### Your instructions
An exact reproduction of every record is required.

### Input data
::::
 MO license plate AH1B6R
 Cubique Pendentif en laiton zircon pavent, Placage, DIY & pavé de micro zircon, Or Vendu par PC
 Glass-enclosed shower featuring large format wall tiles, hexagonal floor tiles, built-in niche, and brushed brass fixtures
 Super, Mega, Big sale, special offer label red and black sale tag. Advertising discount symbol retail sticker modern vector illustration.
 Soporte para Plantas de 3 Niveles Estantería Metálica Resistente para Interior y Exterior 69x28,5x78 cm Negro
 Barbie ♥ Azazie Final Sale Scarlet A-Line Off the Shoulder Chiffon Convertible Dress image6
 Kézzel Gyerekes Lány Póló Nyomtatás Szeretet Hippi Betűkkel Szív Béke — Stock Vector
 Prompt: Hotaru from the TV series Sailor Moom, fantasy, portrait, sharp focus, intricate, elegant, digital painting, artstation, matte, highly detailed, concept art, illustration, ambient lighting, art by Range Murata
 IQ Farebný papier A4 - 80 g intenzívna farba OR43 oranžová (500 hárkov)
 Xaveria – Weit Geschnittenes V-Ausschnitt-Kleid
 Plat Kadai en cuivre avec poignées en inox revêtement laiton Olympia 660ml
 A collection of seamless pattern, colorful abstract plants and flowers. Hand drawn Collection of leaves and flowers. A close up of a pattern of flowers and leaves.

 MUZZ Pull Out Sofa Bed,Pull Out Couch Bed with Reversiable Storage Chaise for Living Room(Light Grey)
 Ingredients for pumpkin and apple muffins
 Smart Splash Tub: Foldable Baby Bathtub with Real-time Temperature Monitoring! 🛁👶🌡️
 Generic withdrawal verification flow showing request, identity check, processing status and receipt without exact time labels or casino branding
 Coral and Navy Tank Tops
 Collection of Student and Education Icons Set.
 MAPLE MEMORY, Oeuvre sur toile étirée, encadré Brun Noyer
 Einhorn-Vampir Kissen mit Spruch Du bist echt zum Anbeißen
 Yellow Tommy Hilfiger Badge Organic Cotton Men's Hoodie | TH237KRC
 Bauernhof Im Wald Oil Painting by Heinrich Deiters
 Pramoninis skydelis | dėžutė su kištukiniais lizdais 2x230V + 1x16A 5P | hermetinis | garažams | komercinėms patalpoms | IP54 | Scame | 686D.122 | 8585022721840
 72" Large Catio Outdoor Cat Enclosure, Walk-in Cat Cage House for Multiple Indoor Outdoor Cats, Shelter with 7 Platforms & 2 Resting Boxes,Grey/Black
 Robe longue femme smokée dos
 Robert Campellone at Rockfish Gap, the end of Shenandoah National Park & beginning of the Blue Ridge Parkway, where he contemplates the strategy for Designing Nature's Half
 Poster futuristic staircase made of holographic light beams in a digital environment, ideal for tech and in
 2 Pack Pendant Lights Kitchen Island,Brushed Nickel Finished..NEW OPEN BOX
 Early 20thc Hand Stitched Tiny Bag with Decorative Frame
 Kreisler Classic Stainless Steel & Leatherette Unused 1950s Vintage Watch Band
::::
### Exercise result
 MO license plate AH1B6R
 Cubique Pendentif en laiton zircon pavent, Placage, DIY & pavé de micro zircon, Or Vendu par PC
 Glass-enclosed shower featuring large format wall tiles, hexagonal floor tiles, built-in niche, and brushed brass fixtures
 Super, Mega, Big sale, special offer label red and black sale tag. Advertising discount symbol retail sticker modern vector illustration.
 Soporte para Plantas de 3 Niveles Estantería Metálica Resistente para Interior y Exterior 69x28,5x78 cm Negro
 Barbie ♥ Azazie Final Sale Scarlet A-Line Off the Shoulder Chiffon Convertible Dress image6
 Kézzel Gyerekes Lány Póló Nyomtatás Szeretet Hippi Betűkkel Szív Béke — Stock Vector
 Prompt: Hotaru from the TV series Sailor Moom, fantasy, portrait, sharp focus, intricate, elegant, digital painting, artstation, matte, highly detailed, concept art, illustration, ambient lighting, art by Range Murata
 IQ Farebný papier A4 - 80 g intenzívna farba OR43 oranžová (500 hárkov)
 Xaveria – Weit Geschnittenes V-Ausschnitt-Kleid
 Plat Kadai en cuivre avec poignées en inox revêtement laiton Olympia 660ml
 A collection of seamless pattern, colorful abstract plants and flowers. Hand drawn Collection of leaves and flowers. A close up of a pattern of flowers and leaves.

 MUZZ Pull Out Sofa Bed,Pull Out Couch Bed with Reversiable Storage Chaise for Living Room(Light Grey)
 Ingredients for pumpkin and apple muffins
 Smart Splash Tub: Foldable Baby Bathtub with Real-time Temperature Monitoring! 🛁👶🌡️
 Generic withdrawal verification flow showing request, identity check, processing status and receipt without exact time labels or casino branding
 Coral and Navy Tank Tops
 Collection of Student and Education Icons Set.
 MAPLE MEMORY, Oeuvre sur toile étirée, encadré Brun Noyer
 Einhorn-Vampir Kissen mit Spruch Du bist echt zum Anbeißen
 Yellow Tommy Hilfiger Badge Organic Cotton Men's Hoodie | TH237KRC
 Bauernhof Im Wald Oil Painting by Heinrich Deiters
 Pramoninis skydelis | dėžutė su kištukiniais lizdais 2x230V + 1x16A 5P | hermetinis | garažams | komercinėms patalpoms | IP54 | Scame | 686D.122 | 8585022721840
 72" Large Catio Outdoor Cat Enclosure, Walk-in Cat Cage House for Multiple Indoor Outdoor Cats, Shelter with 7 Platforms & 2 Resting Boxes,Grey/Black
 Robe longue femme smokée dos
 Robert Campellone at Rockfish Gap, the end of Shenandoah National Park & beginning of the Blue Ridge Parkway, where he contemplates the strategy for Designing Nature's Half
 Poster futuristic staircase made of holographic light beams in a digital environment, ideal for tech and in
 2 Pack Pendant Lights Kitchen Island,Brushed Nickel Finished..NEW OPEN BOX
 Early 20thc Hand Stitched Tiny Bag with Decorative Frame
 Kreisler Classic Stainless Steel & Leatherette Unused 1950s Vintage Watch Band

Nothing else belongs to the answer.